EXERCISE GOAL:
The complete listing goes into the output exactly, without its pictures.

PROVIDED DATA:
# # # # #
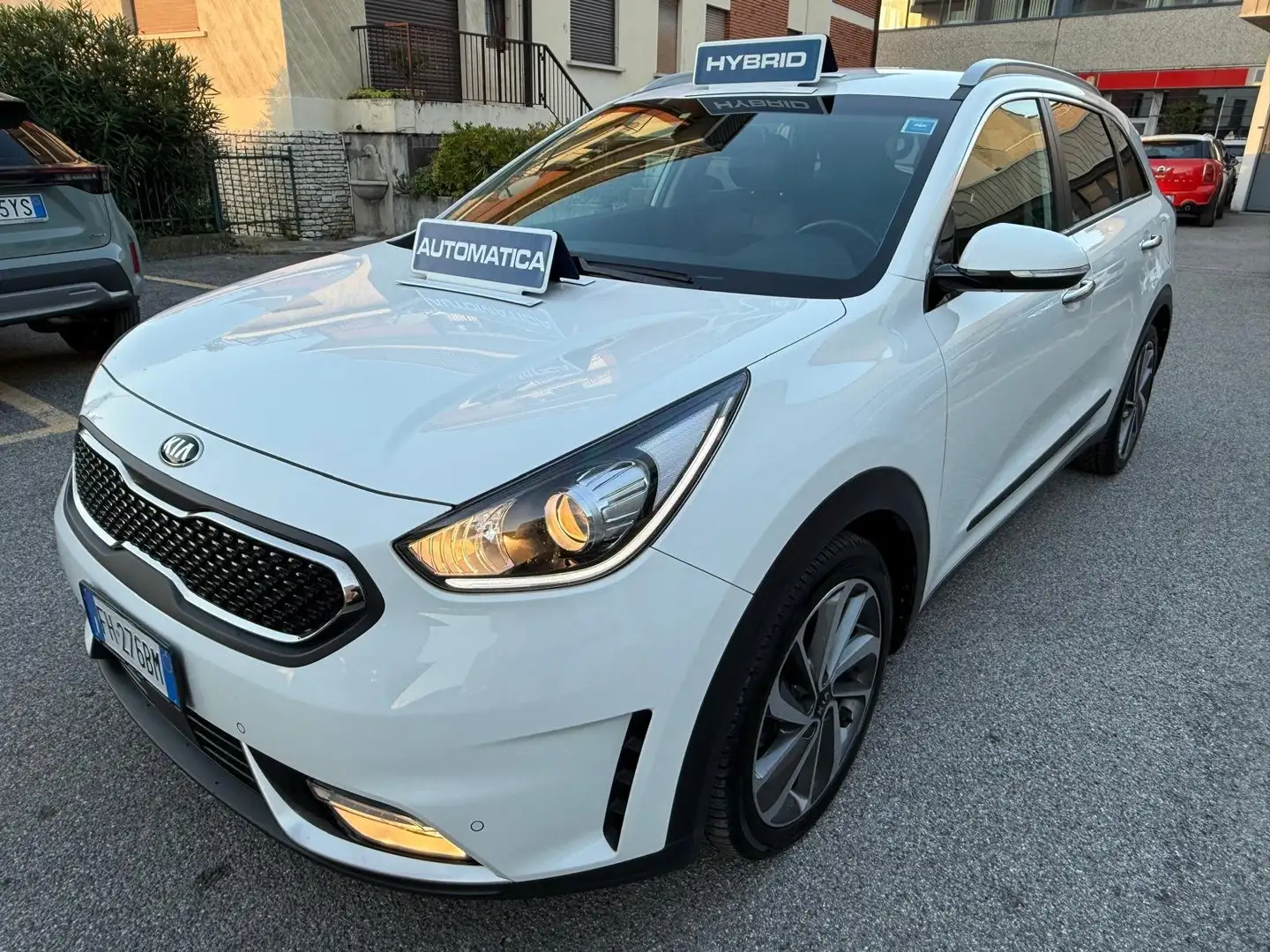 Kia Niro 1.6 GDi HEV Hybrid Style AdasPack DCT Automatica Blanc - 1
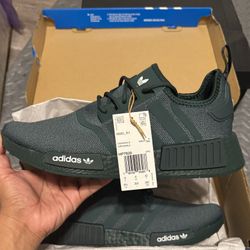 Men Adidas 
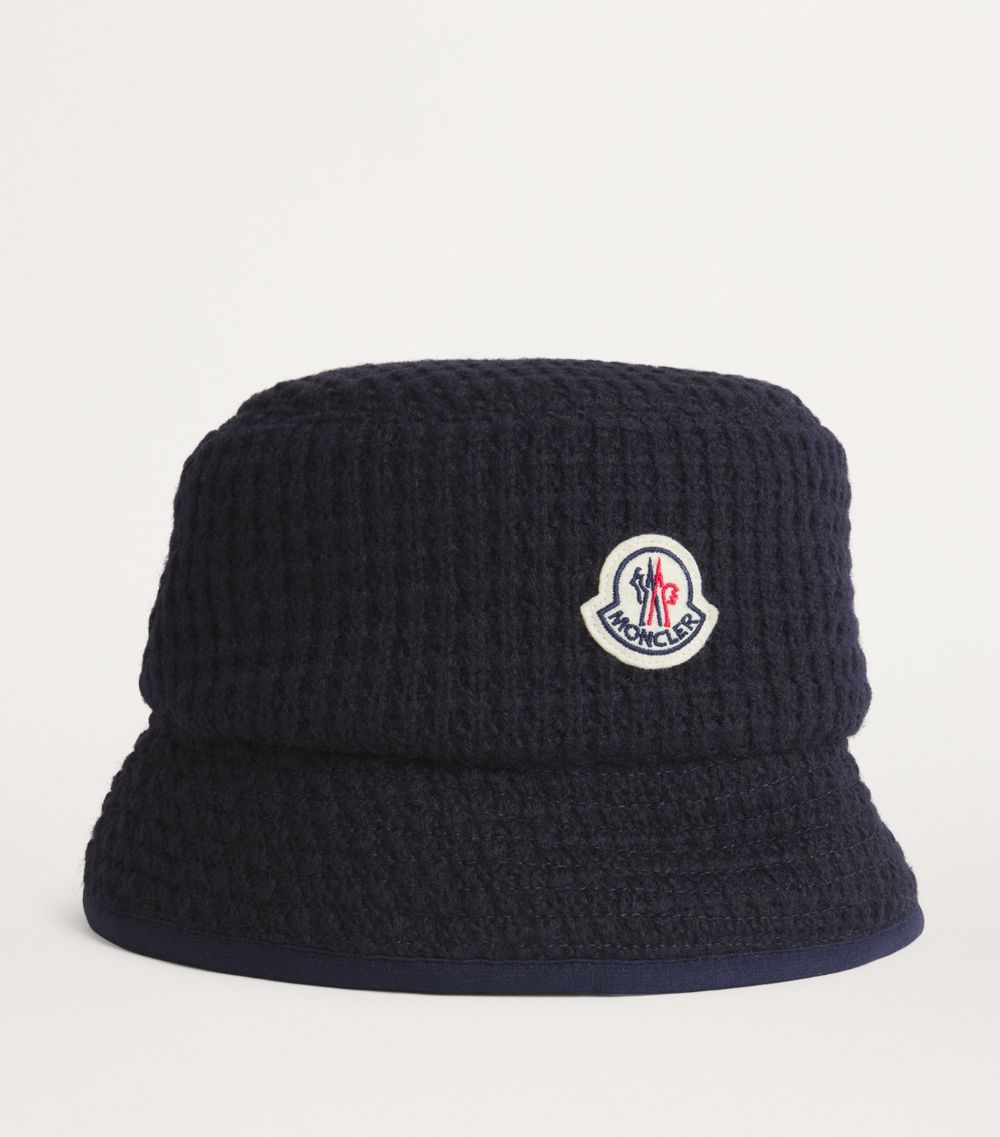 Moncler Moncler Reversible Logo-Patch Bucket Hat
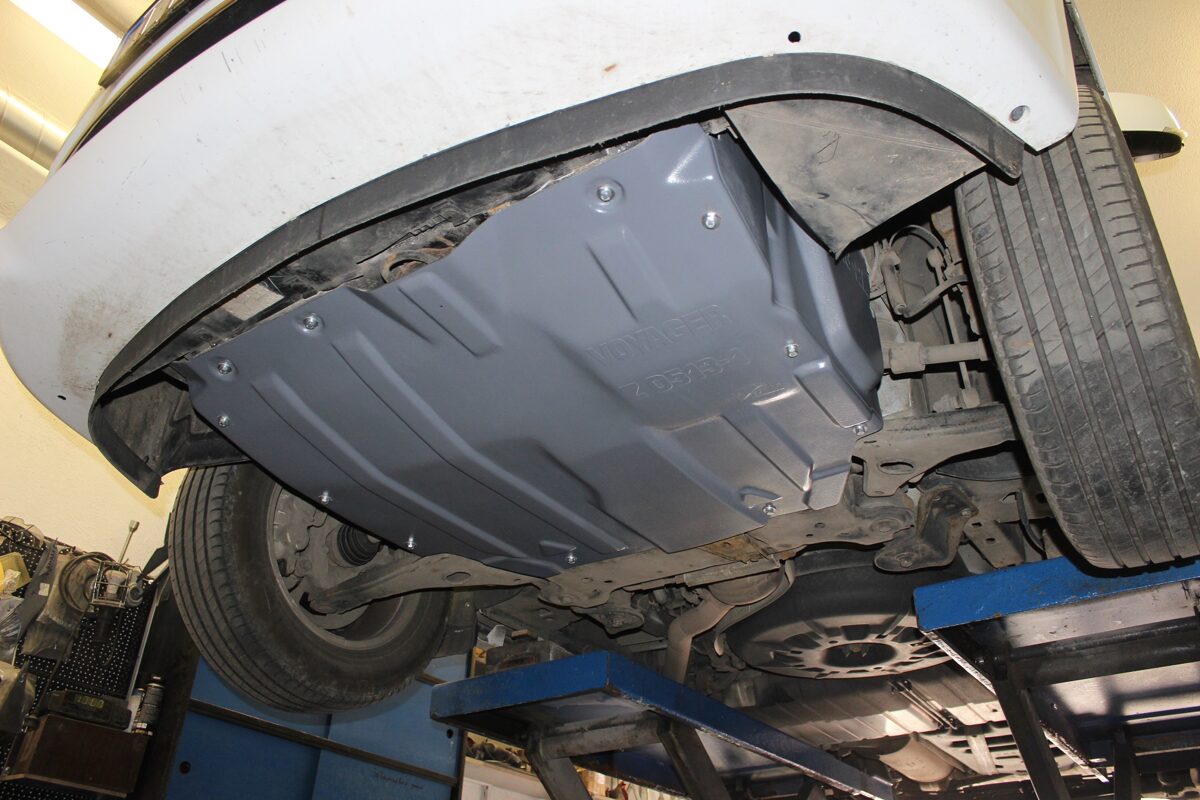 Chrysler Town & Country V ( 2007 - 2010 ) ( 3 parts ) защита картера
# # # # #
WRITTEN SOLUTION:
 Kia Niro 1.6 GDi HEV Hybrid Style AdasPack DCT Automatica Blanc - 1
 Men Adidas 
 Moncler Moncler Reversible Logo-Patch Bucket Hat
 Chrysler Town & Country V ( 2007 - 2010 ) ( 3 parts ) защита картера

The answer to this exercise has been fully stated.